Trade Finance Global and Bibby Financial Services structure a £9.3m facility for SBZ Corporation, a global manufacturer, supplier and distributor of additives, markers, special products and Bitumen
SBZ Corporation, a global manufacturer and distributor of additives and chemicals for the oil industry, has received a £9.35m funding line, facilitated by Trade Finance Global, through Bibby Financial Services (BFS), to assist in the growth of its trade.
Essex based SBZ Corporation have received a mixture of Invoice Finance (£7m), Trade Finance (£1.5m) and FX facilities (£150k) to grow UK operations, along with an additional £700k in its US sister company.
SBZ was established in 2003. The business is a supplier and distributor of fuel additives, lubricant additives, base oils, marker dyes and specialist products designed to meet the needs of international oil groups.
Following strong recent growth, SBZ has invested heavily in its business this year and will be opening a new purpose built blending plant at its current facilities in January 2018, which will help to grow the business further.
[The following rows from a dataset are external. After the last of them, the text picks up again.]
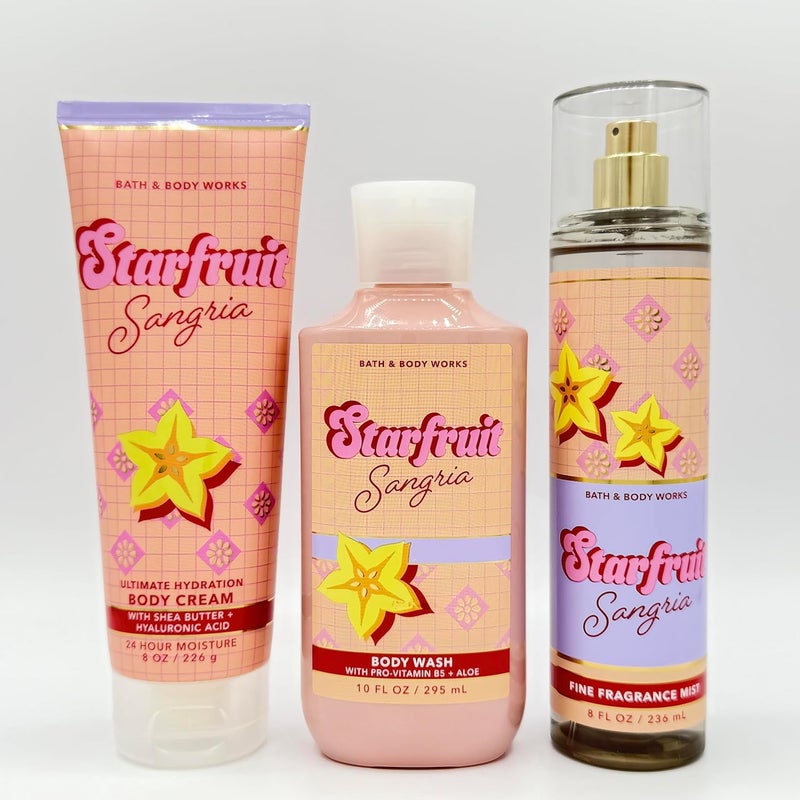 Starfruit Sangria Bath Body 3Piece Bundle Ultimate Hydration Body Cream Body Wash and Fine Fragrance Mist - Image 1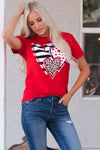 PACK25224432-103-1, Red Leopard Striped Heart Shaped Print Crew Neck T Shirt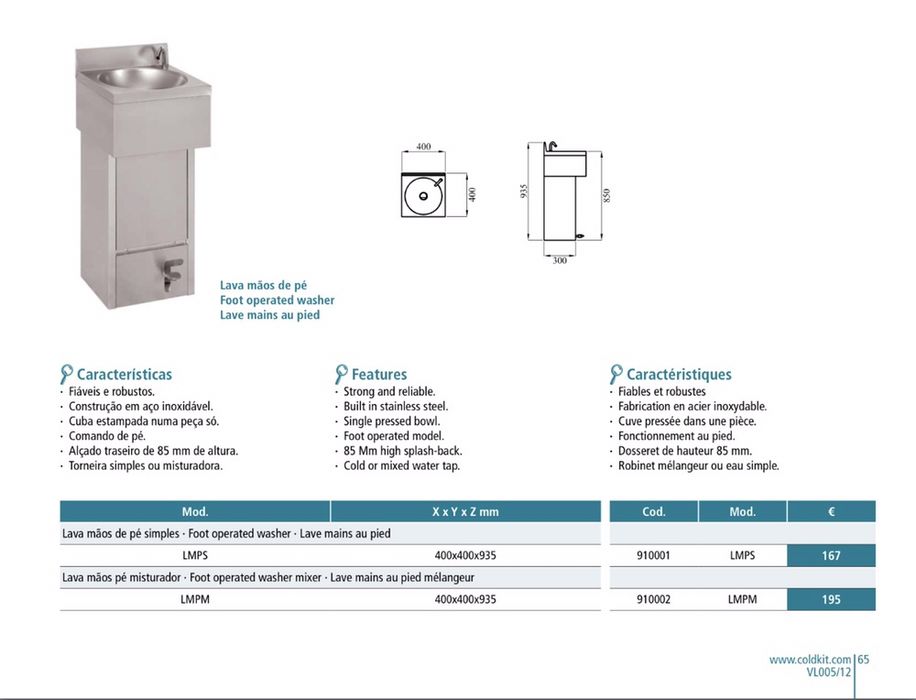 Lava mãos com pedal
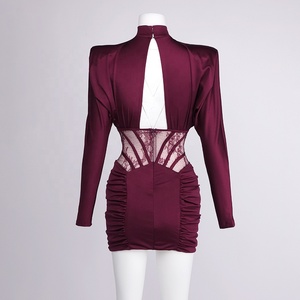 OUDINA Nieuwe 2026 Strakke Stretch Satijnen Elegante Doorschijnende Taille Bodycon Jurk Feestjurk Lange Mouwen Avondjurk - Product Image 6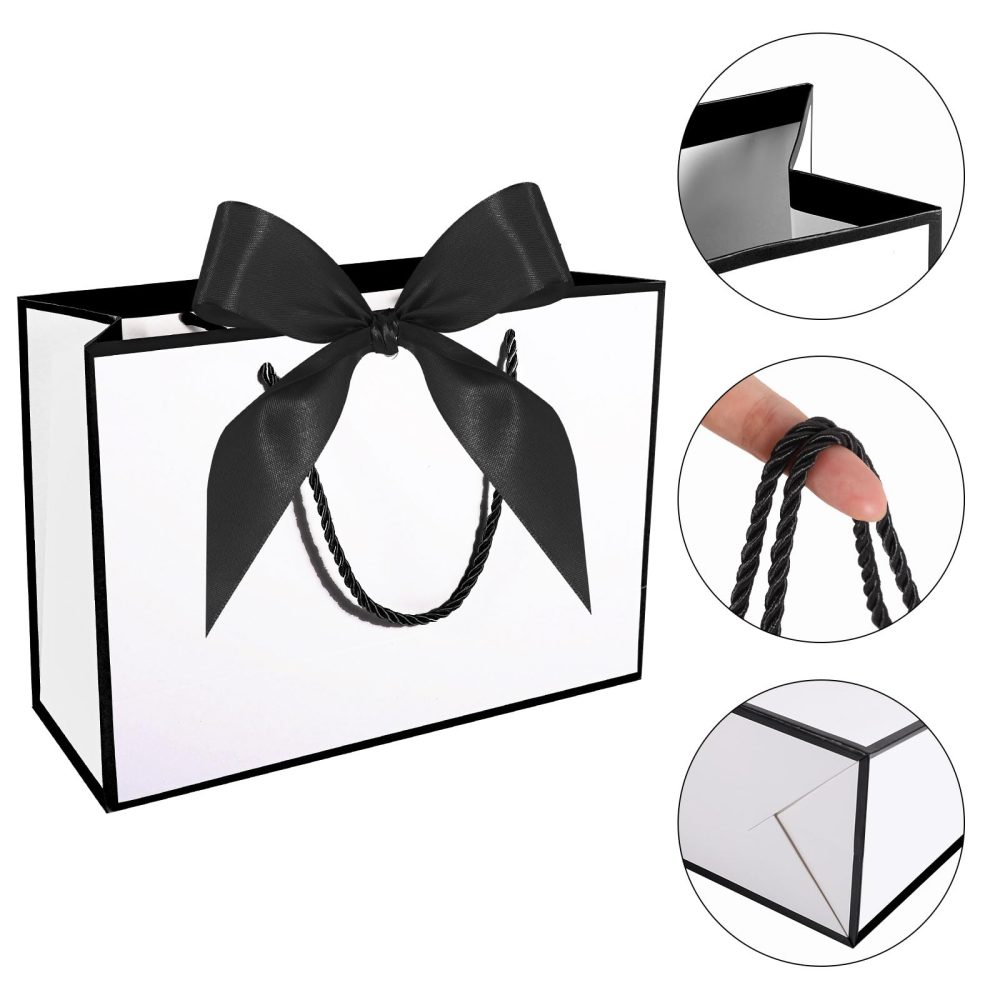 HuaJiao 4Pcs Gift Bags, Medium Present Bag Gift Wrapping Bag with Bow Ribbon Tissue Paper and Cards Gift Bag for Birthday Wedding Party 28x10x20cm (Black Edge) - Image 4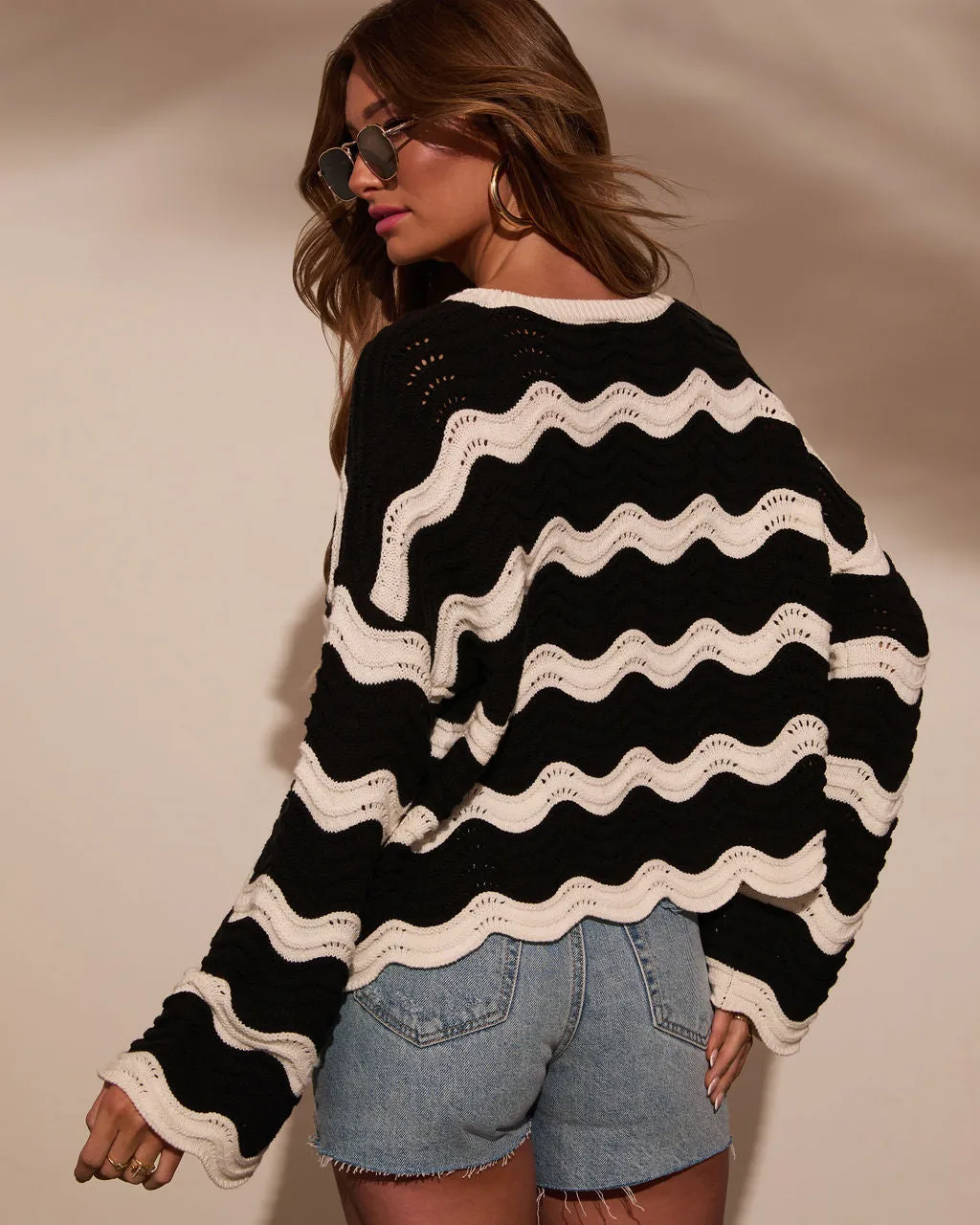 Janerio Wavy Striped Crochet Sweater sold by Vici product image thumbnail 4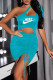 Light Blue Fashion Sexy Print Patchwork One Shoulder One Step Skirt Dresses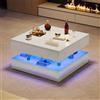 BLSYHDH Tavolino bianco lucido,Tavolino bianco con LED,Tavolino da salotto moderno con 2 cassetti,Tavolo da salotto lucido alto da soggiorno,Tavolo da caffè (bianco, 78x78x43)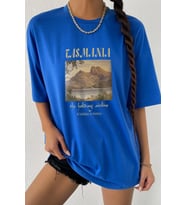 Unisex Tasmania Baskılı T-shirt (Mavi)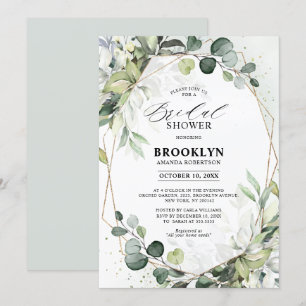 Invitation Eucalyptus Sage Greenery Fête des mariées géométri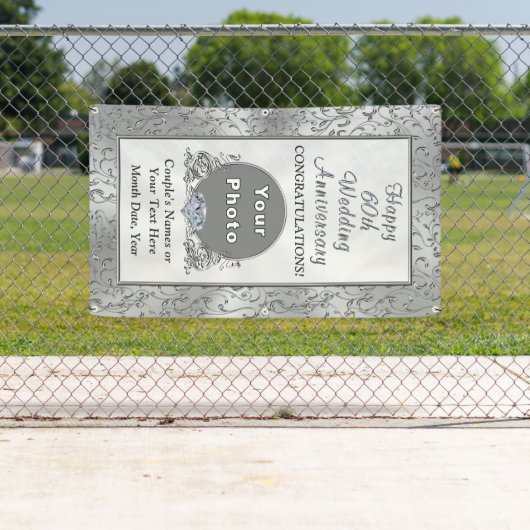 第60記念日の装飾のアイディア、ダイヤモンドの旗 横断幕 (インサイチュ)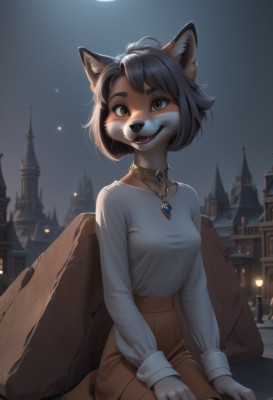 1girl,solo,breasts,looking at viewer,smile,short hair,open mouth,bangs,skirt,brown hair,shirt,black hair,long sleeves,animal ears,brown eyes,jewelry,medium breasts,sitting,collarbone,tail,white shirt,:d,grey hair,small breasts,outdoors,sky,teeth,choker,tongue,artist name,signature,necklace,blurry,fingernails,animal ear fluff,fox ears,night,blurry background,fangs,moon,happy,fox girl,building,gem,night sky,furry,full moon,pendant,brown skirt,furry female,shirt tucked in,body fur,white fur,lamppost,animal nose,snout,grey fur,parted lips,pants,lips,fox tail,thick eyebrows,city,candle,brown pants,castle,brown fur,moonlight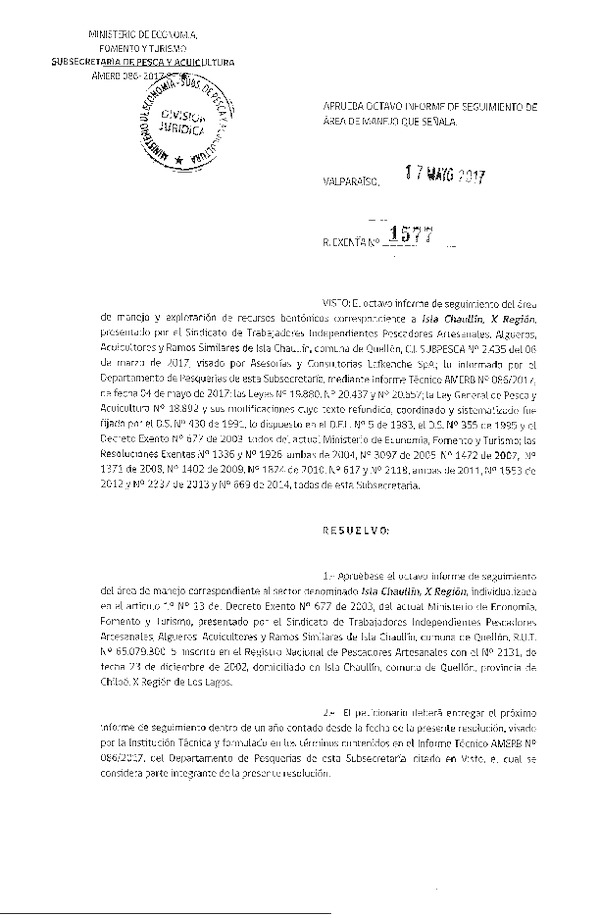Res. Ex. N° 1577-2017 8° Seguimiento.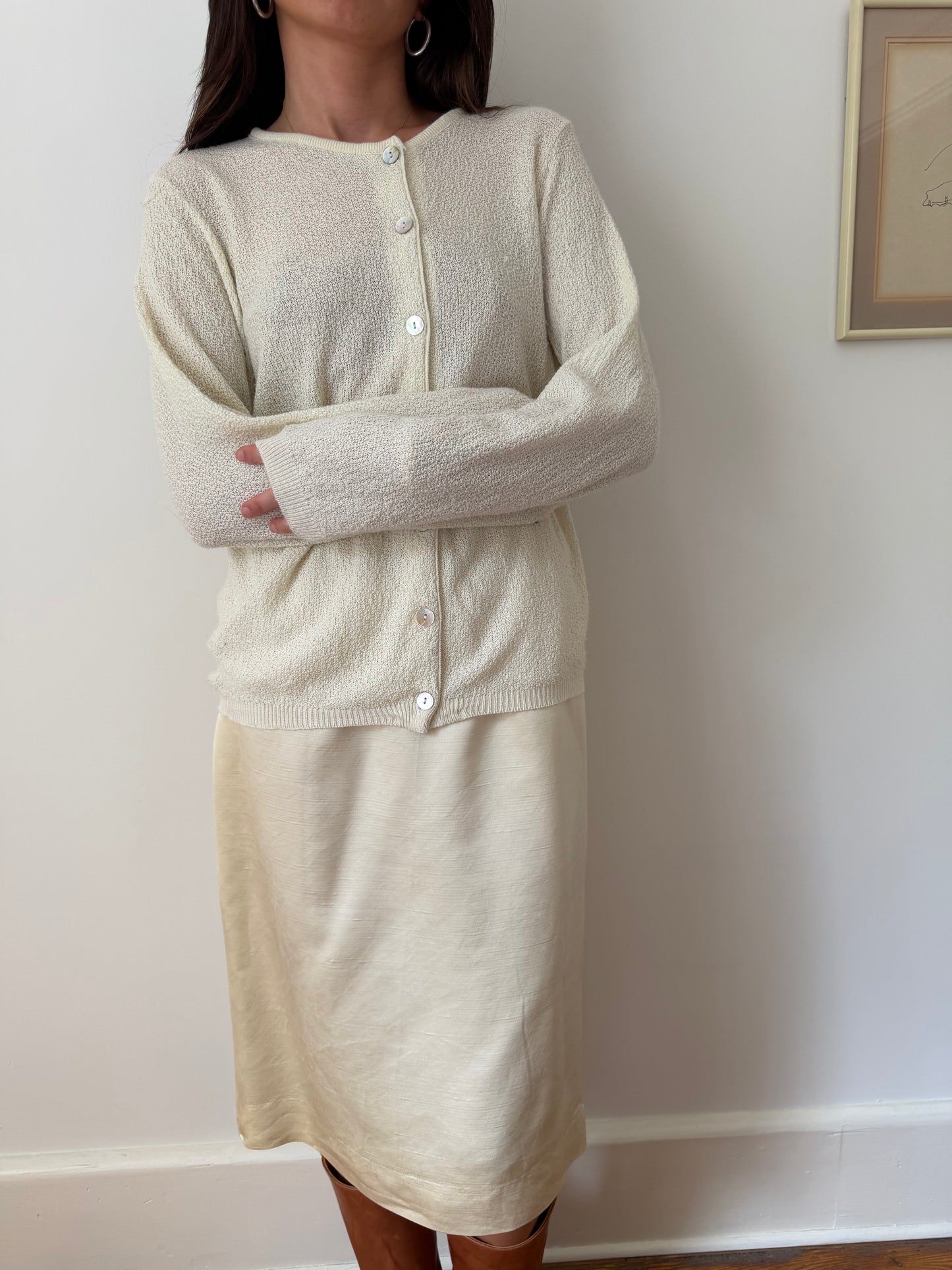 Cream Knit Cardigan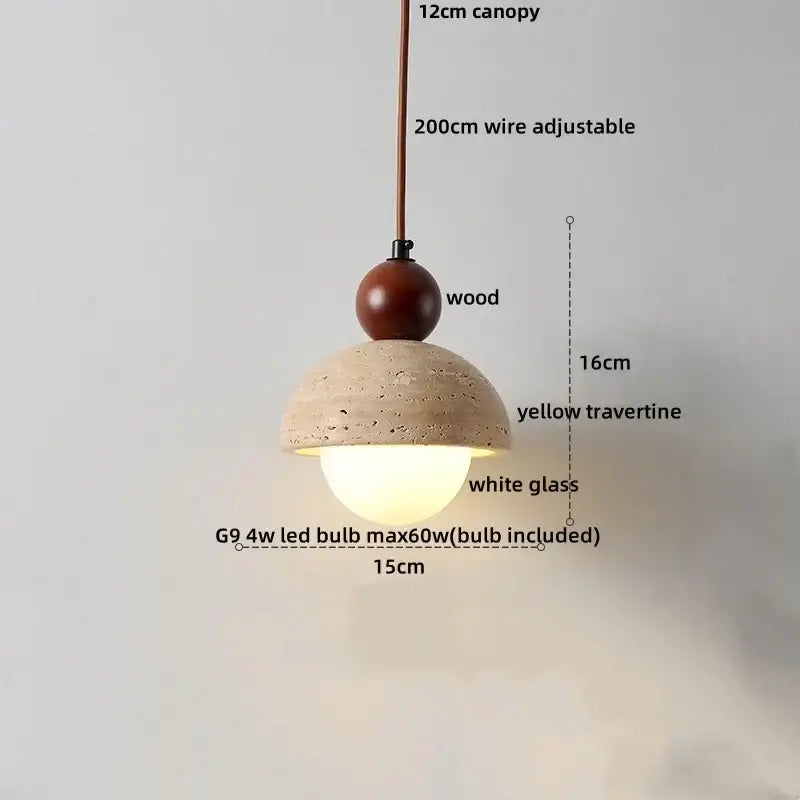Concrete Glass Ball Pendant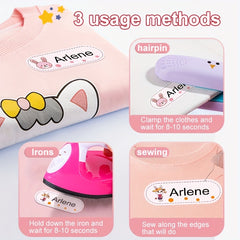 Rabbit Girl Custom Name Tag Sticker MEDIUM Size 4 6x1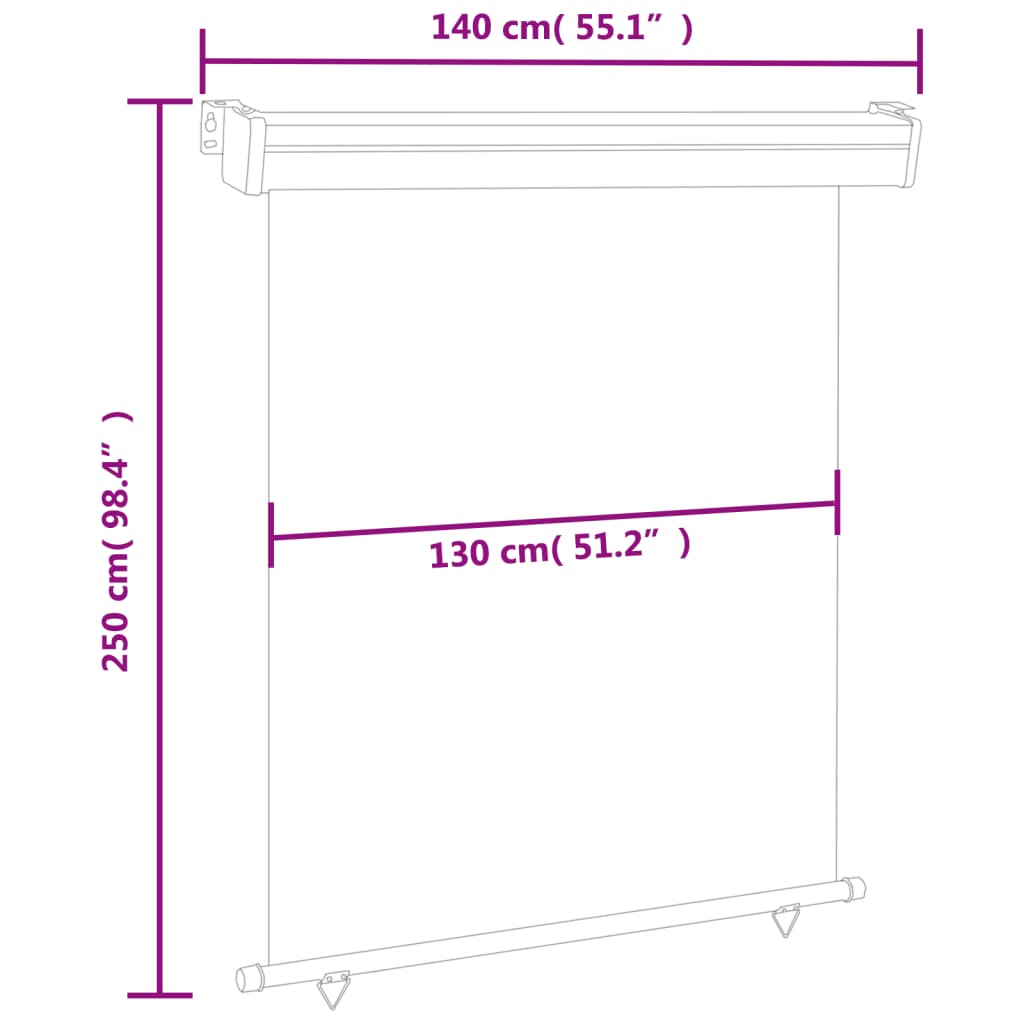 Balkonscherm 140x250 cm crèmekleurig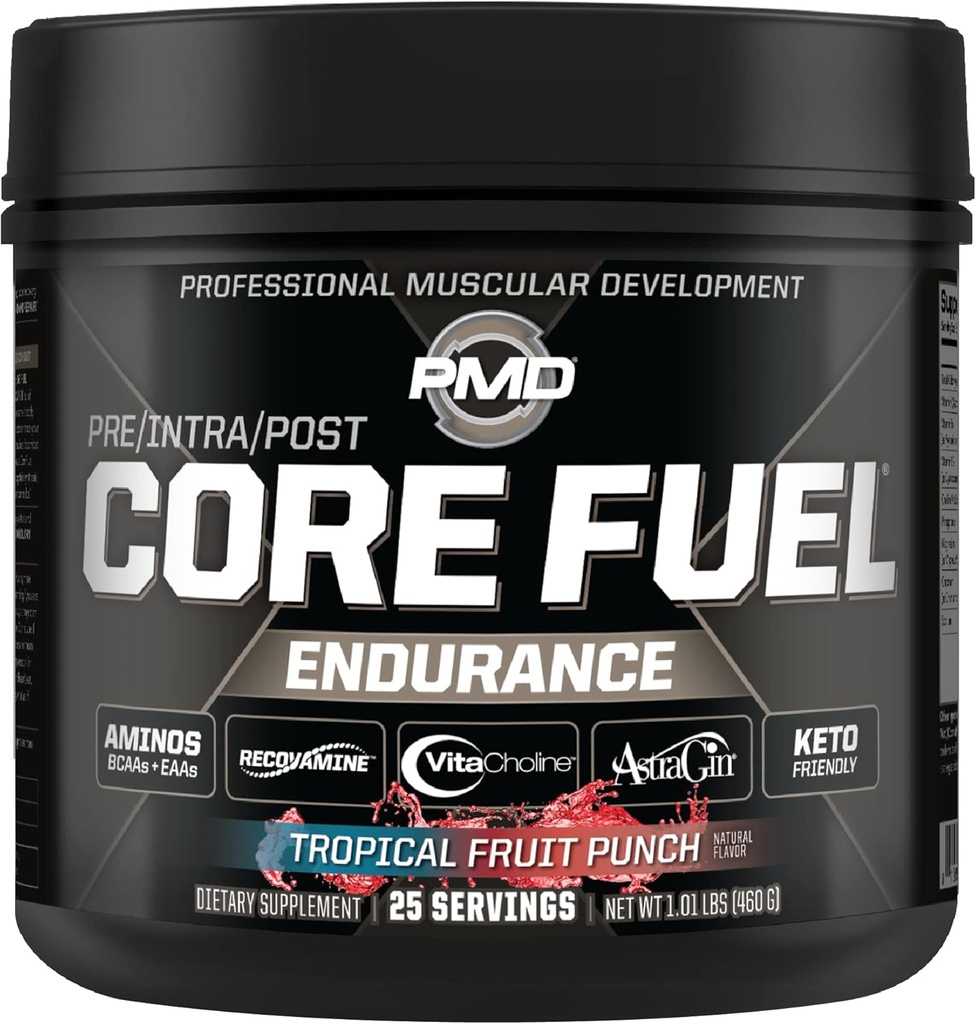 PMD Sports Core Fuel Endurance, Performance " Recovery - BCAAs, EAAs, Beta Alanine, Betaine Anhydrous, Glutamine, Electrolytes - Crecimiento muscular, Fuerza - Estim Free, Tropical Fruit Punch (25 Servimientos)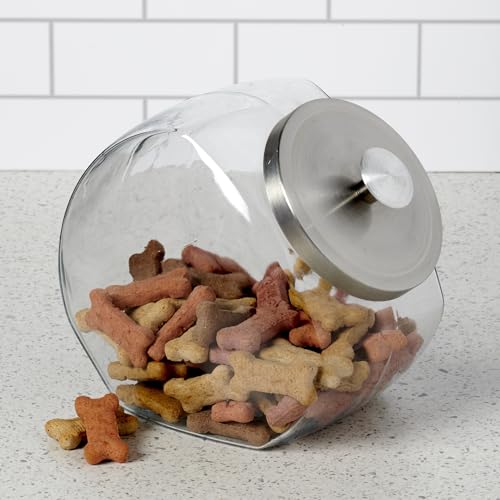 Penny Candy Jar Set - 2 Gallon Glass Jars with Metal Lids for Pantry Storage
To help feed this new capacity, the business sought to increase the level of Invoice Finance funding that it could receive. By working with the business and understanding the future growth projections, BFS was able to increase the facility to £7m, giving the business the extra capacity that it needed.
Laurence Holder, Chief Executive at SBZ Corporation, said: “We’ve seen significant growth in recent years as a result of increasing demand for our products. With a new facility opening soon, we needed additional buying power in order to purchase the supplies we require to serve our customers. Bibby Financial Services was able to provide us with the funding we needed in a short space of time.
“BFS bought into our vision for the future of the company and worked closely alongside us to structure a deal that met our needs.”
A key component to increasing the growth of the business is access to raw materials that SBZ imports into the UK. In the past, the business has worked with European suppliers on shorter delivery times, but this often comes with a price premium. Increasingly, the business is looking to suppliers in China and the Far East which are more competitive in pricing, but with orders often taking between 6-8 weeks for delivery and payment required prior to dispatch. With the help of its new Trade Finance facility, SBZ is able to pay its suppliers upfront, allowing for the longer delivery times, and remain in a positive cash flow position.
Mr Holder continued: “As a result of the EU referendum and the fall in the pound, we have seen our costs go up as we import a large proportion of our raw materials. At the same time, we have tried our best to keep our prices the same for our customers.
“We have therefore increasingly looked to other suppliers which are able to keep us competitive by providing raw materials at a lower cost. To remain in a strong cash flow position we now use our Trade Finance facility to navigate the different payment terms from international suppliers and are able to pay upfront.”
The final component to the funding package is the FX facility which allows the business to buy in China while trading in U.S. dollars. Working with bigger orders from its suppliers, SBZ agrees forward contracts which lock in the exchange rate at an agreed price, removing the risk of volatility in currency markets.
Mark Abrams, Partner at Trade Finance Global, said: “SBZ needed a flexible facility which could grow as it increased its operations in the US. Working with BFS and TFG, SBZ Corporation was able to get a structured facility in place quickly so that it could have additional buying power and realise its growth plans.
“Working with BFS in the UK and the US, the funding line has enabled SBZ to use its international structure to leverage and grow in markets which were more difficult to secure funding in.
“SBZ are an example of a company with ambitions to expand in global markets, and using innovative finance structures to help facilitate that growth.”